What the exercise asks. Output each record exactly. Leave none out.

Exercise inputs.
☆ ☆ ☆ ☆ ☆ ☆ ☆

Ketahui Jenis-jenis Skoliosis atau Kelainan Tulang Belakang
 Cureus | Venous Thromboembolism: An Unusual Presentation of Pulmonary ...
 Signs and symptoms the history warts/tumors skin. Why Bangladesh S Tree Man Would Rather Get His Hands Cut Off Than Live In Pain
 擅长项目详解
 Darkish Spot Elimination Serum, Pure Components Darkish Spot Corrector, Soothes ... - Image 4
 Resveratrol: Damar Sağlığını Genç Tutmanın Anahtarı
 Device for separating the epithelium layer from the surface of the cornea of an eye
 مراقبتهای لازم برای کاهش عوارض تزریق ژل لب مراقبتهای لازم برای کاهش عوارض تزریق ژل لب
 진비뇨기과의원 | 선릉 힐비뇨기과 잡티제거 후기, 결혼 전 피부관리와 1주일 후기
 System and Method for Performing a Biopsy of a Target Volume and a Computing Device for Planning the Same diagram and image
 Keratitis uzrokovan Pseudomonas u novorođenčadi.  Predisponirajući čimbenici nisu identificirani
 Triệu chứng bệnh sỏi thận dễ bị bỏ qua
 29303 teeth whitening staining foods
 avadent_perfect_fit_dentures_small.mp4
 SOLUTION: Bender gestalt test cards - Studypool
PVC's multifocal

☆ ☆ ☆ ☆ ☆ ☆ ☆

Finished exercise.
Ketahui Jenis-jenis Skoliosis atau Kelainan Tulang Belakang
 Cureus | Venous Thromboembolism: An Unusual Presentation of Pulmonary ...
 Signs and symptoms the history warts/tumors skin. Why Bangladesh S Tree Man Would Rather Get His Hands Cut Off Than Live In Pain
 擅长项目详解
 Darkish Spot Elimination Serum, Pure Components Darkish Spot Corrector, Soothes ... - Image 4
 Resveratrol: Damar Sağlığını Genç Tutmanın Anahtarı
 Device for separating the epithelium layer from the surface of the cornea of an eye
 مراقبتهای لازم برای کاهش عوارض تزریق ژل لب مراقبتهای لازم برای کاهش عوارض تزریق ژل لب
 진비뇨기과의원 | 선릉 힐비뇨기과 잡티제거 후기, 결혼 전 피부관리와 1주일 후기
 System and Method for Performing a Biopsy of a Target Volume and a Computing Device for Planning the Same diagram and image
 Keratitis uzrokovan Pseudomonas u novorođenčadi.  Predisponirajući čimbenici nisu identificirani
 Triệu chứng bệnh sỏi thận dễ bị bỏ qua
 29303 teeth whitening staining foods
 avadent_perfect_fit_dentures_small.mp4
 SOLUTION: Bender gestalt test cards - Studypool
PVC's multifocal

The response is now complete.